2. La última diáspora. El
mundo mercantil que se está abriendo camino es en principio
una bendición, al redescubrir el tipo de actitud frugal
y previsora que las familias judías enseñan. Pero
el asunto es en la práctica mucho más áspero,
porque la incorporación del cristiano a la vida empresarial
y en particular al crédito encuentra en sus
prestamistas y hombres de negocios una competencia sobremanera
incómoda, casi siempre capaz de ofrecer en cada país
dinero menos caro, y apoyada sobre una clientela fiel por eso
mismo21.
Su pretensión de sumarse al elenco de comerciantes y otros
profesionales tropieza con barreras gremialistas justificadas
por el trasfondo religioso (¿cómo contratar con
los verdugos de Cristo?), y el destierro de España (1492)
y Portugal (1497) culmina un proceso catastrófico iniciado
bastante antes en Alemania e Italia22,
cuyo reflejo popular es la leyenda del judío errante23.

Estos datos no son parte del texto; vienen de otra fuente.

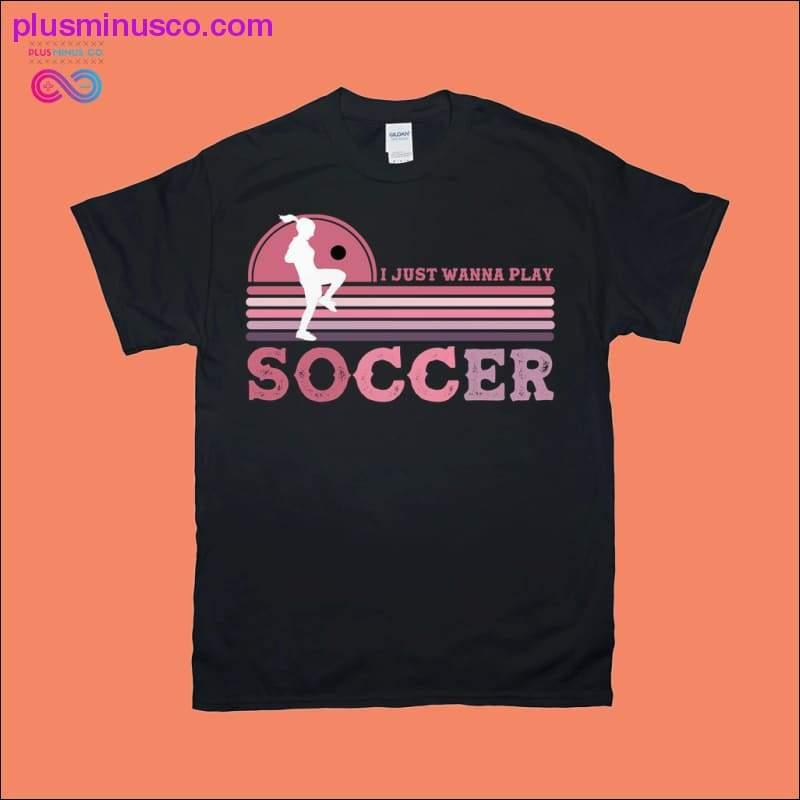 Haluan vain pelata jalkapalloa | Naisten | Retro T-paidat - plusminusco.com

Llega entonces una época no tanto de
persecución como de miseria, donde quizá por primera
vez en mil años gran parte de ellos son más pobres
que el más humilde de los campesinos. Francia e Inglaterra,
países secularmente hostiles de los cuales se huía
a la menor oportunidad para evitar linchamientos y expropiaciones
sistemáticas, son los únicos donde la exigencia
de conversión no resulta perentoria, y el horizonte de
catástrofe funciona como abono para la vena ascético-apocalíptica
reprimida hasta entonces. Aparece el misticismo cabalístico24,
junto con una ansiosa espera de su Mesías que acaba produciendo
al lamentable Shabbetai Zevi, alguien aclamado por todas las comunidades
de Europa, Asia Menor y África que cierto día se
convierte al islam por simple pusilanimidad, sin haber sido objeto
de amenaza grave.
Dentro del general empeoramiento sólo
hay dos noticias alentadoras. Una es que los turcos se han apoderado
en 1453 de Bizancio, cuyos confines resultaban sencillamente letales
para el judío. La otra es que los Países Bajos insisten
en tener libertad de conciencia. Aunque el sur de esa zona acabe
sucumbiendo al terror católico, en el norte los tercios
españoles son incapaces de doblegar a Holanda y otros seis
territorios las Provincias, que construyen un oasis
para la libertad religiosa. El pueblo paria puede elegir entre
un gran imperio, donde el islam no atraviesa una fase singularmente
integrista, y un país minúsculo de clima endiablado
pero abierto como ninguno a que el diligente prospere por medios
pacíficos.
Es precisamente en Turquía donde acaba
apareciendo El látigo de Judá, una obra del
malagueño Salomón Verga (c. 1450-1525) que no por
victimismo sino para apoyar un autoanálisis crítico
describe 64 persecuciones padecidas por los judíos. Buena
parte de ellas parten a su juicio de ignorar «la ciencia
política y la militar», algo que les condena a ir
«desnudos» por el mundo. Además, imitan a los
cristianos con su fe en supersticiones y leyendas, añadiendo
a eso la altivez:
«No he conocido a ningún hombre razonable que
odie a los judíos [
] Pero el judío es arrogante
y siempre quiere dominar. A juzgar por sus actos y palabras
no seríamos un pueblo de exilados y esclavos, sometidos
por un pueblo u otro. Más bien intenta presentarse como
amo y señor. De ahí que las masas le odien»25.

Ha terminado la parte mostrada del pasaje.